Warren Buffett’s biggest winner is The Coca-Cola Company (NYSE: KO), according to Berkshire Hathaway Inc. (NYSE:BRK.B)’s latest annual report. Buffett owns 400 million shares of KO and paid an average price of less than $3.25 a share. Today, that stake in KO is worth about $17 billion, which means Buffett has made more than 1,200% on his investment.
Buffett obviously made a great decision when he bought The Coca-Cola Company (NYSE: KO). But he still fought to get the best price possible on his buy. In at least one case, Buffett sold puts to help him get the share price he wanted.
In 1993, Buffett wanted to buy The Coca-Cola Company (NYSE: KO), but at a price that was about 10% below the market price. Rather than overpay, he sold put options at the price he wanted to pay and pocketed nearly $7.5 million in income while he waited for a price correction.
The good news is any investor can sell puts to bring in income after they find a stock they’d like to buy. To understand the idea, we can look at what Buffett did in a little more detail.
The Coca-Cola Company (NYSE: KO) was selling for about $39 a share in the spring of 1993, and Buffett wanted to buy about 5 million shares. Based on his analysis, he was only willing to pay $35 a share. Selling put options allowed him to do just that. He created an obligation to buy 5 million shares at $35 and he was paid $1.50 per share for promising to buy KO later at that price.
Put options give the buyer the right to sell 100 shares of stock at a predetermined price, known as an exercise price or strike price, anytime until the expiration date of the options contract. The investor selling the put promises to buy the shares if the buyer of the put exercises their right to sell the stock. Put options are only exercised when the stock price is in the money, i.e., below the exercise price.
In exchange for their promise to buy the stock later, for more than the market price, put sellers receive a premium from the put buyer. For Buffett, this premium amounted to $1.50 a share for The Coca-Cola Company (NYSE: KO). If the option is not exercised, the seller keeps the premium and earns that amount as a profit on the trade. If the option is exercised, the premium reduces the cost basis. If Buffett was forced to buy KO at $35, his cost would actually be $33.50 a share when the premium is considered.
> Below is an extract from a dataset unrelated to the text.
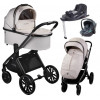 Детская коляска AmaroBaby Motus Premium Ecco 4 в 1 с автокреслом Rant Miro Graphite и базой молочный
This strategy can be used with any stock that has options available, which generally includes all large-cap stocks, many mid-cap stocks and a number of ETFs.
How Traders Use It
Traders can use puts to enter long-term positions in stocks. The put premium allows them to generate income while they are waiting for a pullback in a stock they want to own. If the put is exercised, they will be buyers at a price they believe represents a fair value for the stock.